Using Census API key from environment
Core Functions
pytidycensus provides two main functions:
get_decennial(): Access to 2000, 2010, and 2020 decennial US Census APIsget_acs(): Access to 1-year and 5-year American Community Survey APIs
Example: Median Age by State (2020 Census)
Let’s look at median age by state from the 2020 Census:
# Get median age by state from 2020 Census
age_2020 = tc.get_decennial(
geography="state",
variables="P13_001N", # Median age variable
year=2020,
sumfile="dhc" # Demographic and Housing Characteristics file
)
print(f"Data shape: {age_2020.shape}")
age_2020.head()
Getting data from the 2020 decennial Census
Using the Demographic and Housing Characteristics File
Data shape: (52, 5)
/home/mmann1123/Documents/github/pytidycensus/pytidycensus/decennial.py:429: UserWarning: Note: 2020 decennial Census data use differential privacy, a technique that introduces errors into data to preserve respondent confidentiality. Small counts should be interpreted with caution. See https://www.census.gov/library/fact-sheets/2021/protecting-the-confidentiality-of-the-2020-census-redistricting-data.html for additional guidance.
warnings.warn(
| state | GEOID | NAME | variable | estimate | |
|---|---|---|---|---|---|
| 0 | 09 | 09 | Connecticut | P13_001N | 41.1 |
| 1 | 10 | 10 | Delaware | P13_001N | 41.1 |
| 2 | 11 | 11 | DC | P13_001N | 33.9 |
| 3 | 12 | 12 | Florida | P13_001N | 43.0 |
| 4 | 13 | 13 | Georgia | P13_001N | 37.5 |
The function returns a pandas DataFrame with four columns:
GEOID: Identifier for the geographical unitNAME: Descriptive name of the geographical unitvariable: Census variable represented in the rowvalue: Value of the variable for that unit
Visualizing the Data
Since we have a tidy DataFrame, we can easily visualize it:
# Create a horizontal bar plot
plt.figure(figsize=(10, 12))
# Sort by median age and plot
age_sorted = age_2020.sort_values('estimate', ascending=True).reset_index(drop=True)

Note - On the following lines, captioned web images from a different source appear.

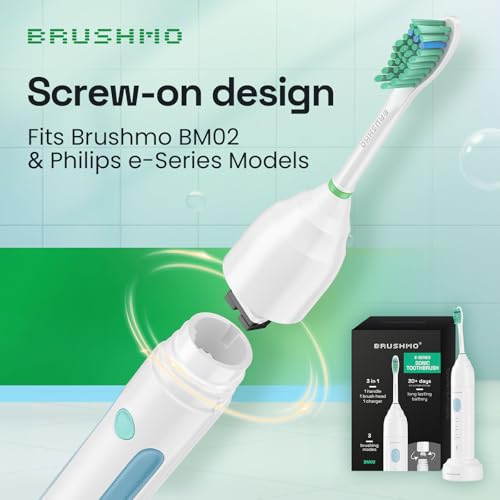 Image of Brushmo e-Series Variety Replacement Toothbrush Heads, Compatible with Philips Sonicare Screw-on Toothbrush Handles, 6 Variety Heads (Standard, Compact & Sensitive), Dupont Bristles, BM724+2, White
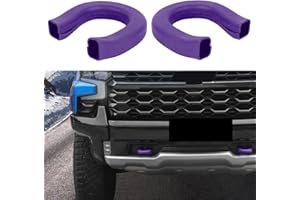 CheroCar Purple Tow Hook Cover Fit for 2007-2025 Chevy Silverado 1500 GMC Sierra Front Bumper Tow Hooks Rubber Protector Trim Tow Trailer Hitch Receiver Cover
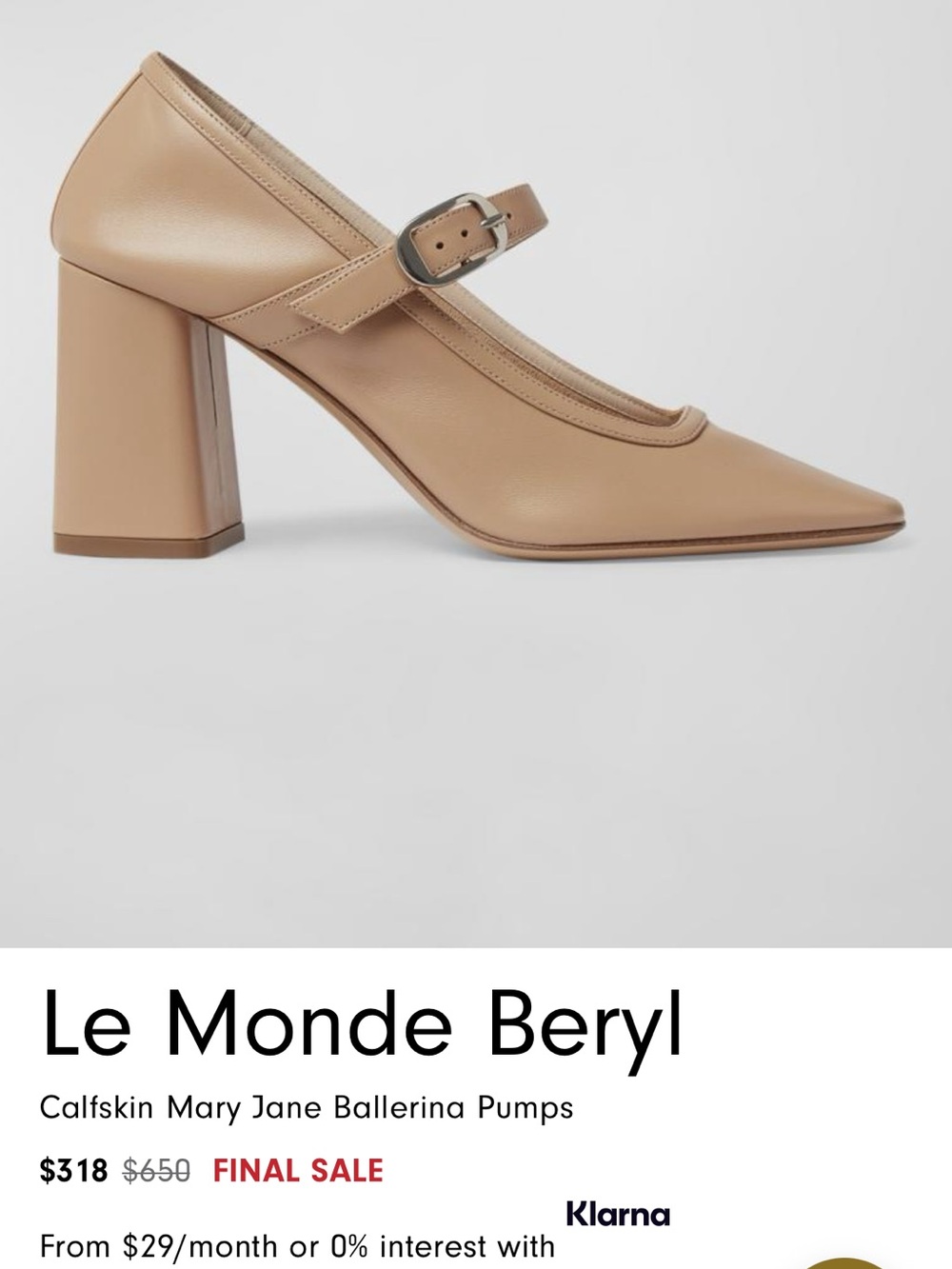 Le Monde Beryl Nude Mary Jane Flats with Square Toe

plt.barh(range(len(age_sorted)), age_sorted['estimate'])
plt.yticks(range(len(age_sorted)), age_sorted['state'])
plt.xlabel('Median Age (years)')
plt.title('Median Age by State (2020 Census)', fontsize=14, fontweight='bold')
plt.grid(axis='x', alpha=0.3)
plt.tight_layout()
plt.show()
Geography in pytidycensus
pytidycensus supports many geographic levels. Here are the most commonly used:
Geography |
Definition |
Example Usage |
|---|---|---|
|
United States |
National data |
|
State or equivalent |
State-level data |
|
County or equivalent |
County-level data |
|
Census tract |
Neighborhood-level data |
|
Census block group |
Sub-neighborhood data |
|
Census-designated place |
City/town data |
|
ZIP Code Tabulation Area |
ZIP code areas |
Example: County Data
Let’s get population data for counties in Texas:
# Get total population for Texas counties
tx_pop = tc.get_decennial(
geography="county",
variables="P1_001N", # Total population
state="TX", # Filter to Texas
year=2020
)
print(f"Number of Texas counties: {len(tx_pop)}")
tx_pop.head()
Getting data from the 2020 decennial Census
Using the PL 94-171 Redistricting Data Summary File
Number of Texas counties: 254
/home/mmann1123/Documents/github/pytidycensus/pytidycensus/decennial.py:429: UserWarning: Note: 2020 decennial Census data use differential privacy, a technique that introduces errors into data to preserve respondent confidentiality. Small counts should be interpreted with caution. See https://www.census.gov/library/fact-sheets/2021/protecting-the-confidentiality-of-the-2020-census-redistricting-data.html for additional guidance.
warnings.warn(
| state | county | GEOID | NAME | variable | estimate | |
|---|---|---|---|---|---|---|
| 0 | 48 | 001 | 48001 | Anderson County, Texas | P1_001N | 57922 |
| 1 | 48 | 003 | 48003 | Andrews County, Texas | P1_001N | 18610 |
| 2 | 48 | 005 | 48005 | Angelina County, Texas | P1_001N | 86395 |
| 3 | 48 | 007 | 48007 | Aransas County, Texas | P1_001N | 23830 |
| 4 | 48 | 009 | 48009 | Archer County, Texas | P1_001N | 8560 |
Searching for Variables
The Census has thousands of variables. Use load_variables() to search for what you need:
# Load variables for 2022 5-year ACS
variables_2022 = tc.load_variables(2022, "acs", "acs5", cache=True)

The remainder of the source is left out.